* [Data provided]
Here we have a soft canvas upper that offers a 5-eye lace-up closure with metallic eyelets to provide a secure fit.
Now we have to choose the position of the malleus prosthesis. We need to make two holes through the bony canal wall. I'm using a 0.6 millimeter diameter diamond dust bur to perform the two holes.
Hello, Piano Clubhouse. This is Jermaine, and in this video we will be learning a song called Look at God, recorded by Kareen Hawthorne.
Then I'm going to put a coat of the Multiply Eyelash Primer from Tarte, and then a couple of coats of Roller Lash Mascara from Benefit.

...

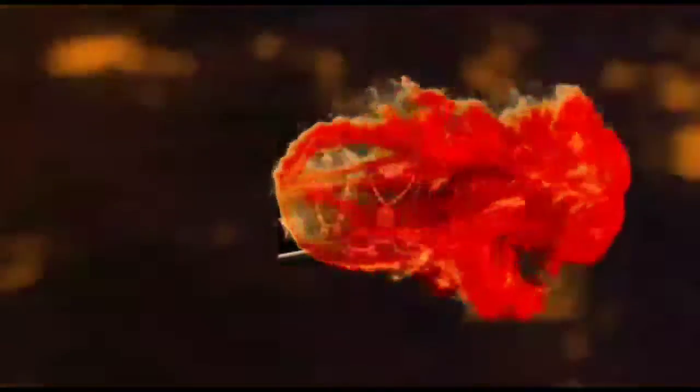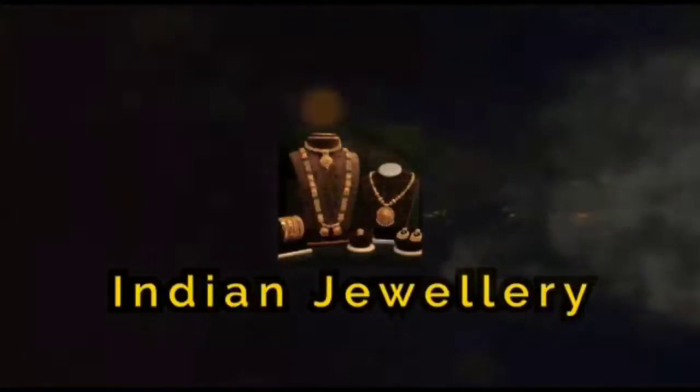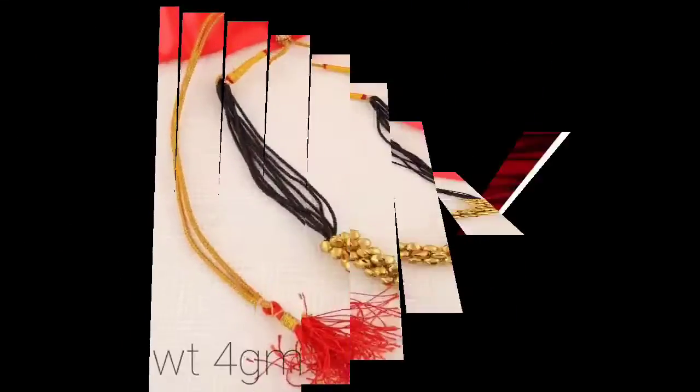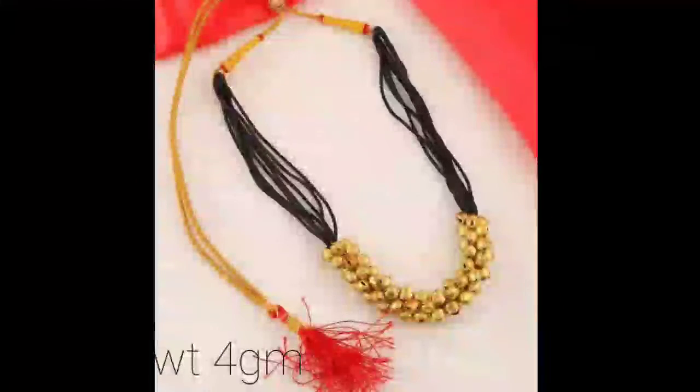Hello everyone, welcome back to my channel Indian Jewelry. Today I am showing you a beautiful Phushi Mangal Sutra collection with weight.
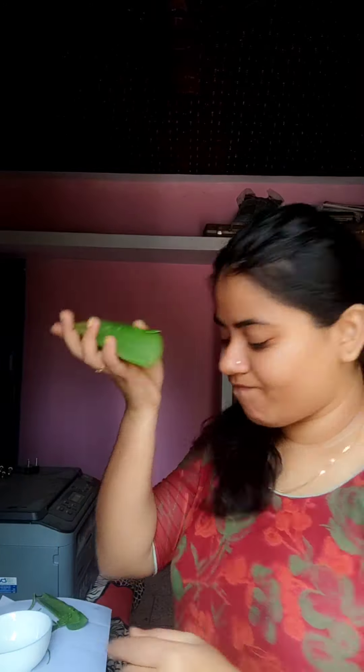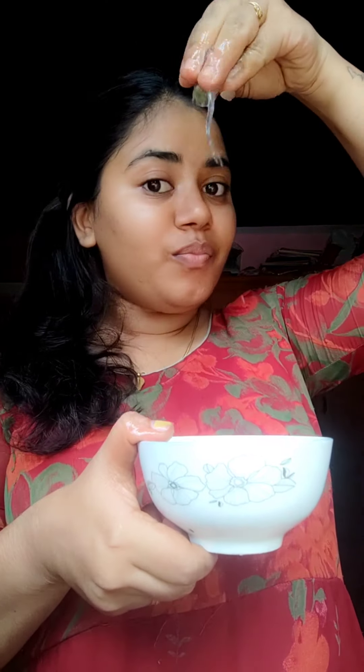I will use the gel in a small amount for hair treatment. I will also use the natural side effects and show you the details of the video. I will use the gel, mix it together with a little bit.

* [Work required] Only one stretch of the entries above is wanted: the lines from the one containing "Here we have" through the one containing "Now we have". Please reproduce it exactly.

* [Written solution]
Here we have a soft canvas upper that offers a 5-eye lace-up closure with metallic eyelets to provide a secure fit.
Now we have to choose the position of the malleus prosthesis. We need to make two holes through the bony canal wall. I'm using a 0.6 millimeter diameter diamond dust bur to perform the two holes.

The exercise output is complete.